Xbox Series X

Xbox Series X
Xbox Series X

In December, at The Game Awards, Microsoft gaming boss Phil Spencer unveiled the Xbox Series X; a tall black obelisk that more closely resembles a compact PC tower than a traditional console.

At present this is the only next generation Xbox console we know about, and we know it’s launching in “holiday 2020”, but rumours have long suggested there would be both a powerful console and a second entry level model. Given current Xbox consoles are called “One S” and “One X”, we could assume a less powerful next-gen model could be called Xbox Series S.

As for the internals of the Series X, most of what we know for sure comes from official videos and statements from Xbox, although much of it is vague.

  • The machine will run on a custom AMD processor with Zen 2 architecture, apparently making the console four times more powerful than the Xbox One X. The next-gen Xbox will also sport Navi graphics and is confirmed to support real-time ray tracing.
  • Comments from developers indicate it will be hardware accelerated. There will be a “new generation” solid state drive for improved loading and streaming, which apparently offers 40 times the performance of the current machine and can be used as virtual RAM.
  • The goal is for games to run in 4K and at 60 frames per second, but the machine will be able to output 8K and 120Hz. It will support variable refresh rates with a compatible monitor or TV.
  • Series X will be backwards compatible with Xbox One games and controllers, and the existing catalogue of Xbox 360 and original Xbox games will be expanded. Microsoft promises “thousands of games across four console generations”, optimised to work best on Series X.
  • The machine will feature an optical disc drive.
  • Series X will launch alongside Halo Infinite, the next in Microsoft’s celebrated sci-fi shooter series.
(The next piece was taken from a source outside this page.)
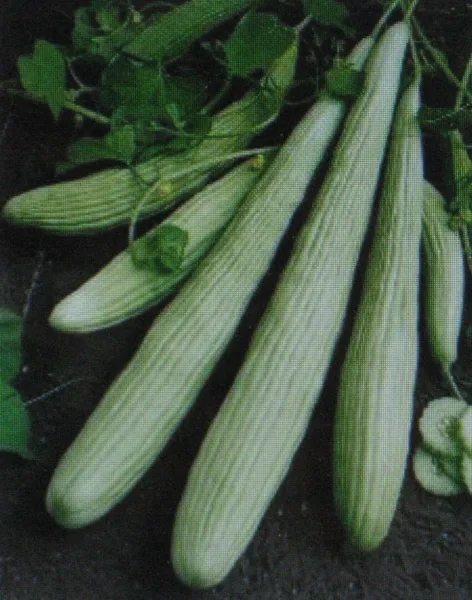 Cucumber American Yard Long 25 Seeds - $6.94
Everything from the physical design to the supposed specs indicates the Series X will be an incredibly powerful machine, and potentially more PC-like than any previous console. In 2016 Phil Spencer indicated that Microsoft wanted to do away with console generations, and have the Xbox you buy today be able to play all future games just like a PC. He’s seemed to walk that back since, indicating that certain (but not all) games will be available across generations. It may be up to the developer as to whether new games are also playable on Xbox One. In those cases, there are also indications that multiplayer will work across different generations of Xbox machines.

In an interview with Gamespot, Microsoft execs said Series X would be able to maintain multiple supsended games at once, meaning if you swap games you should still be able to jump in exactly where you left off.

Not many details have been given on the Series X controller, but in the console reveal video you can see it’s very similar to the existing pad, just a little smaller and with a redesigned D-pad and central “share” button. It’s unclear if it will offer an internal battery and USB-C charging like the recent Elite Series 2.